Las clases fueron poco a poco siendo más entretenidas a partir de octubre, pues, por lo menos ahora ya no tenían que escribir tanta teoría y podían usar las varitas para ensayar sus primeros hechizos. En encantamientos ya les habían hecho aprender el “wingardium leviosa”, y los gemelos lograron levantar la pluma correspondiente tan solo en el primer intento, haciendo que el pequeño profesor Flitwick casi se ahogara de la emoción (por supuesto, él no sabía que los gemelos habían estado practicando ese encantamiento desde hacía semanas).

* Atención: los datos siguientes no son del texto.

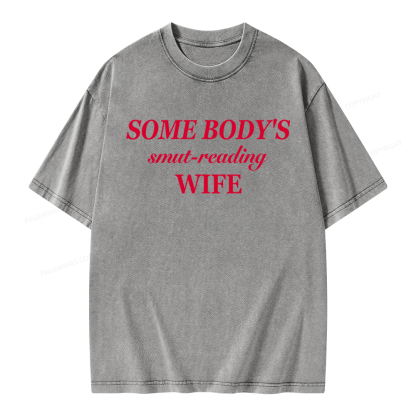 Pagewings Smut Reading Wife Unisex Washed T-shirt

En transformaciones, la profesora McGonagall, luego de haberles hecho anotar un montón de fórmulas durante septiembre, ahora les pasaba pequeños objetos para que los transformaran según lo que habían aprendido. Historia de la Magia era la asignatura más aburrida de todas. El profesor Binns (que era un fantasma), era tan monótono en sus clases que hasta las más sangrientas peleas de duendes eran como oír la narración de un juego de ajedrez especialmente poco emocionante. Y aunque en todas las asignaturas les daban muchos deberes, Fred y George siempre se daban alguna noche del fin de semana para hacer sus expediciones nocturnas.

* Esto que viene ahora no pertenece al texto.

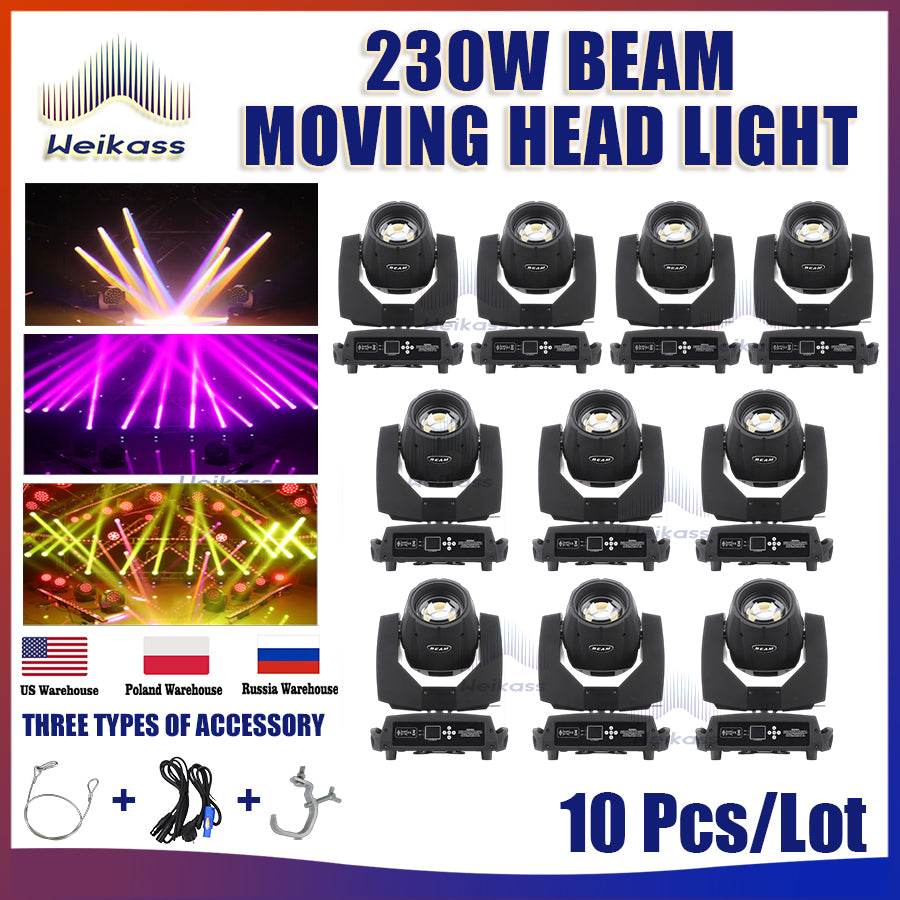 No Tax 1-12Pcs Professional DJ Light 230W Beam Moving Head Light High Definition Lens Big Beam Stage Light DMX Fixture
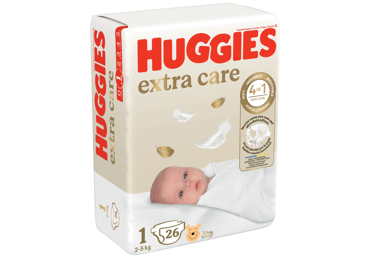 Autiņb.HUGGIES Extra Care S1 2-5kg 26gb.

Solo una vez los encontró Filch, el celador, quien los llevó a su oficina sermoneándolos y amenazándolos con el habitual castigo de descuartización, que supuestamente se hacía en Hogwarts en tiempos antiguos. Al llegar a la oficina, los gemelos vieron un archivo que decía “confiscado y altamente peligroso”, y no aguantaron la tentación de saber lo que había allí, porque probablemente sería algo realmente emocionante. Estuvieron pensando todo el mes como poder entrar en la oficina y sacar lo que sea que hubiese allí sin ser descubiertos.
-Tendrían que dejar que los castigaran para llegar allí- les comentó Lee la mañana de Halloween mientras estaban sentados en la sala común.
- Sí bueno, la cuestión es cómo nos quitamos a Filch de encima en su oficina. Nos vigila ¿sabes?, no nos deja estar a solas con los objetos peligrosos- dijo George haciendo una mueca.
- Si tan solo pudiéramos distraerlo con algo… si tuviéramos bombas de olor o algo así- continuó Fred, y al instante se le iluminó la cara- bombas de olor- repitió, se paró de la butaca y salió corriendo a los dormitorios.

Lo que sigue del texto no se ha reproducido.